◆ What to work on
Only the lines from the one with "Fantasy Clip Art" through the last line of the material below belong in the answer, copied exactly and without pictures.

◆ Records for processing
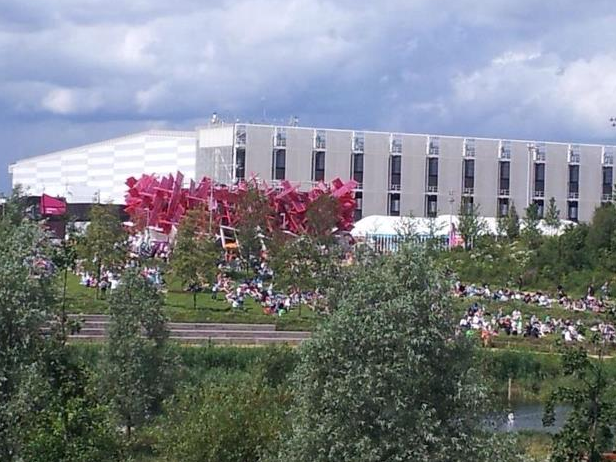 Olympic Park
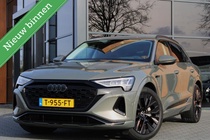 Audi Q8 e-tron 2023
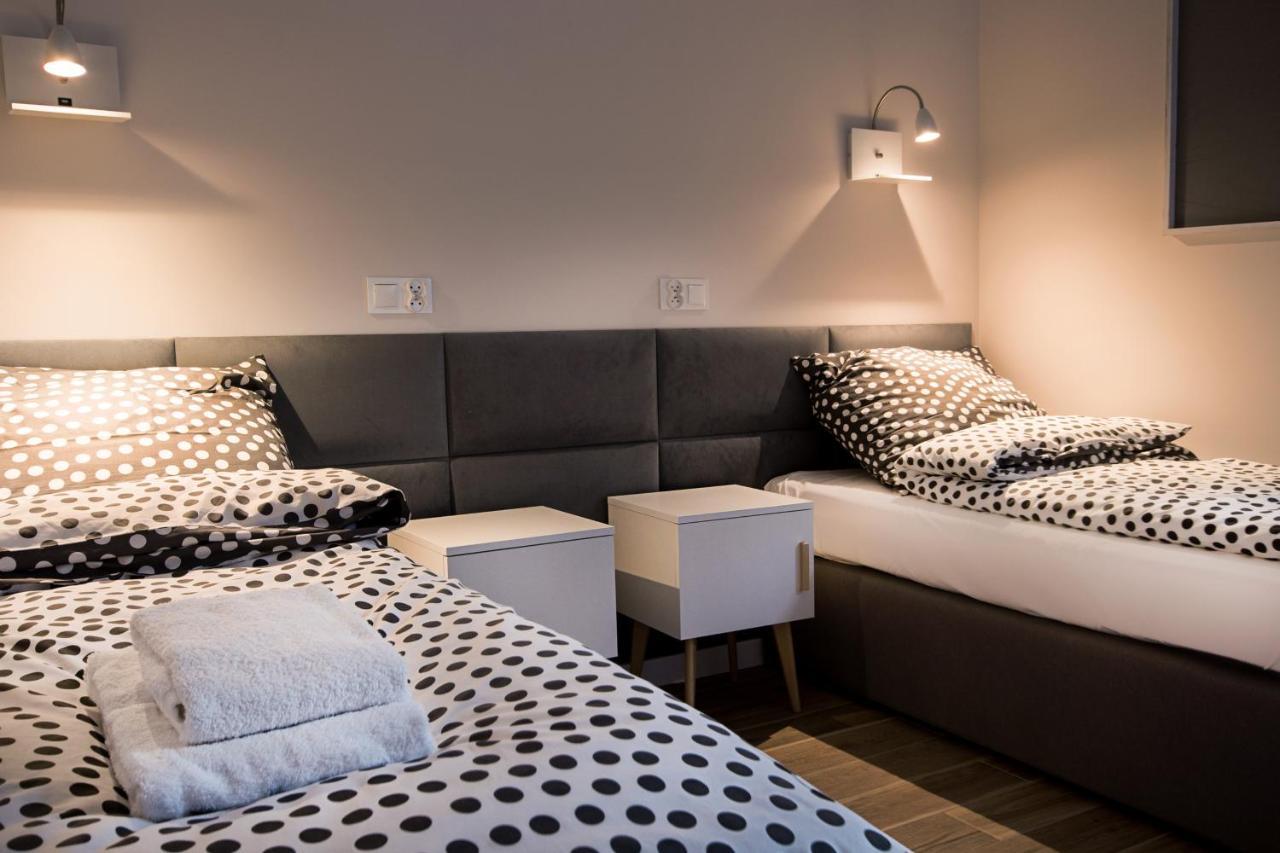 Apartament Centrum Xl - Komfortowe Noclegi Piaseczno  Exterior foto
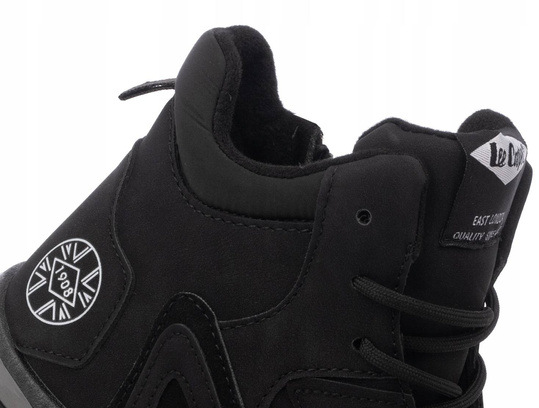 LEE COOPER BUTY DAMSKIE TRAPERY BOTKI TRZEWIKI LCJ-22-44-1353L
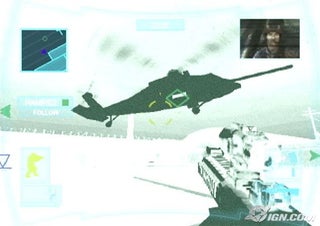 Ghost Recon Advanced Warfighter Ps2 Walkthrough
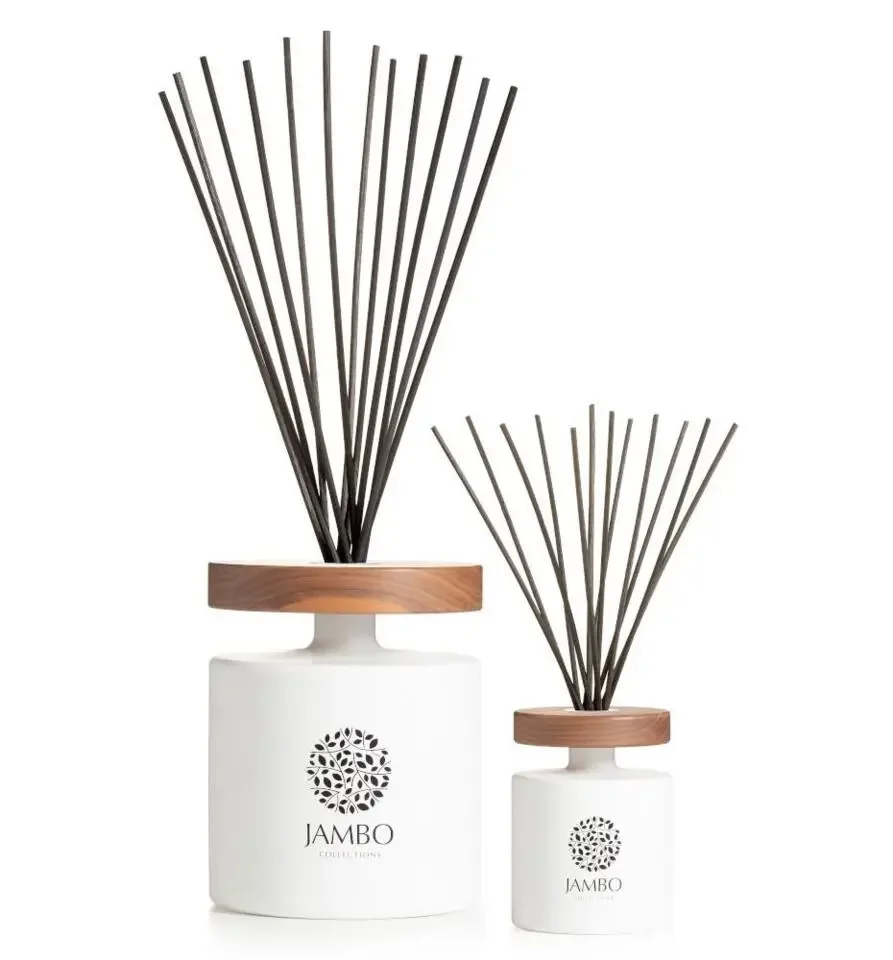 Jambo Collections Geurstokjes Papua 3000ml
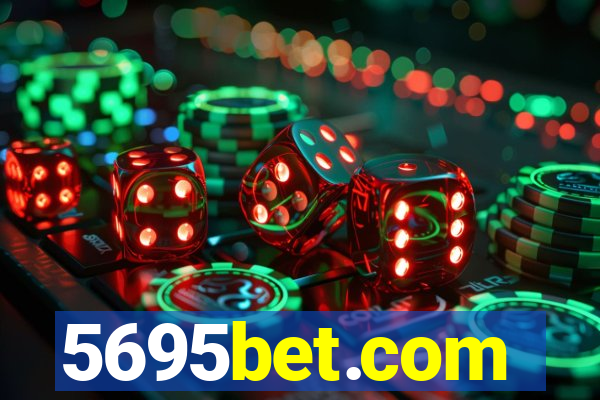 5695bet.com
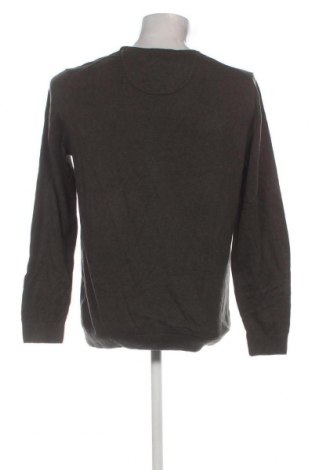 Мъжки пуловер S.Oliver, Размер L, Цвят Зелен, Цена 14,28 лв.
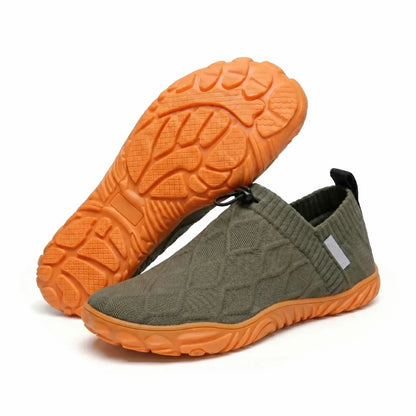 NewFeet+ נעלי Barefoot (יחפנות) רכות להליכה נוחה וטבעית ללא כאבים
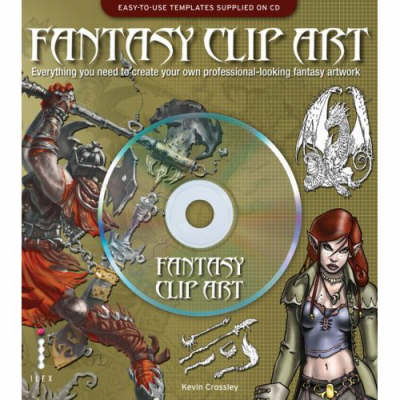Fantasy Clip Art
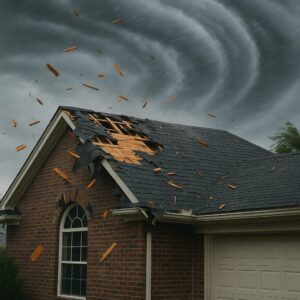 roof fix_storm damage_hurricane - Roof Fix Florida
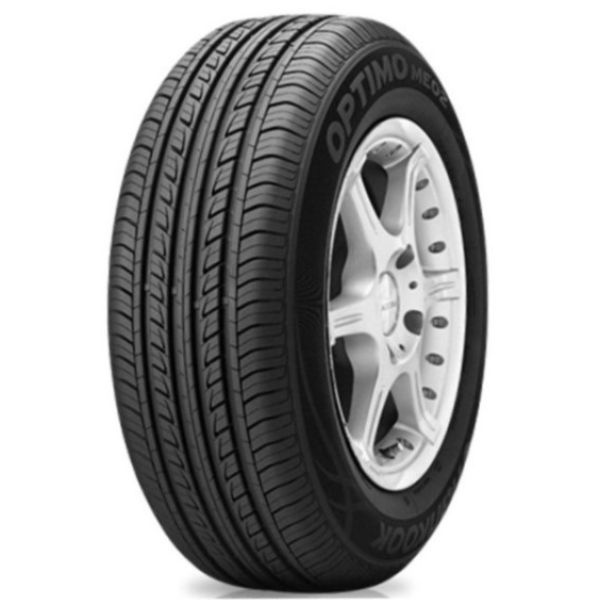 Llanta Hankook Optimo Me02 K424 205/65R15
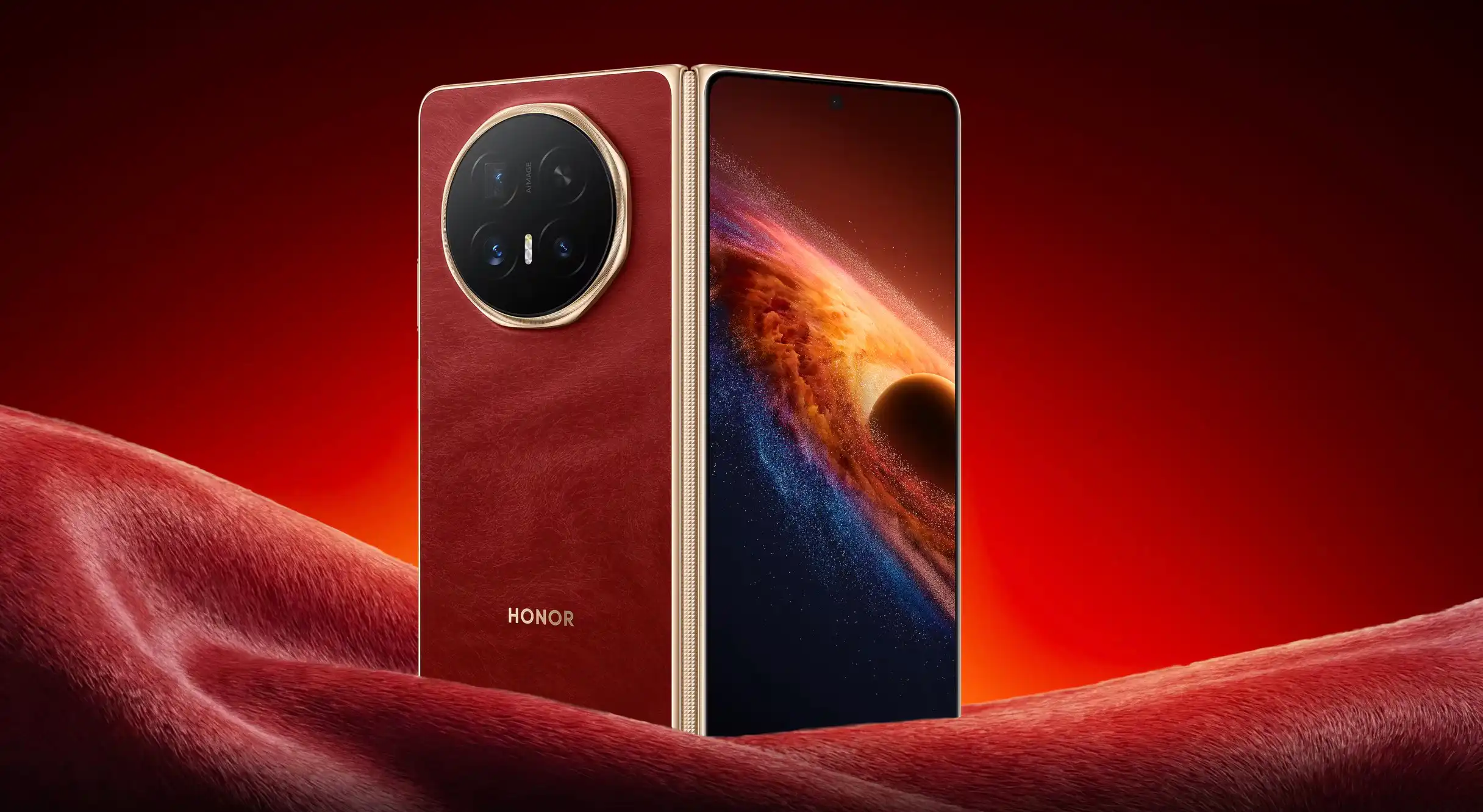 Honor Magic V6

◆ Solution to this task
Fantasy Clip Art
 roof fix_storm damage_hurricane - Roof Fix Florida
 Llanta Hankook Optimo Me02 K424 205/65R15
 Honor Magic V6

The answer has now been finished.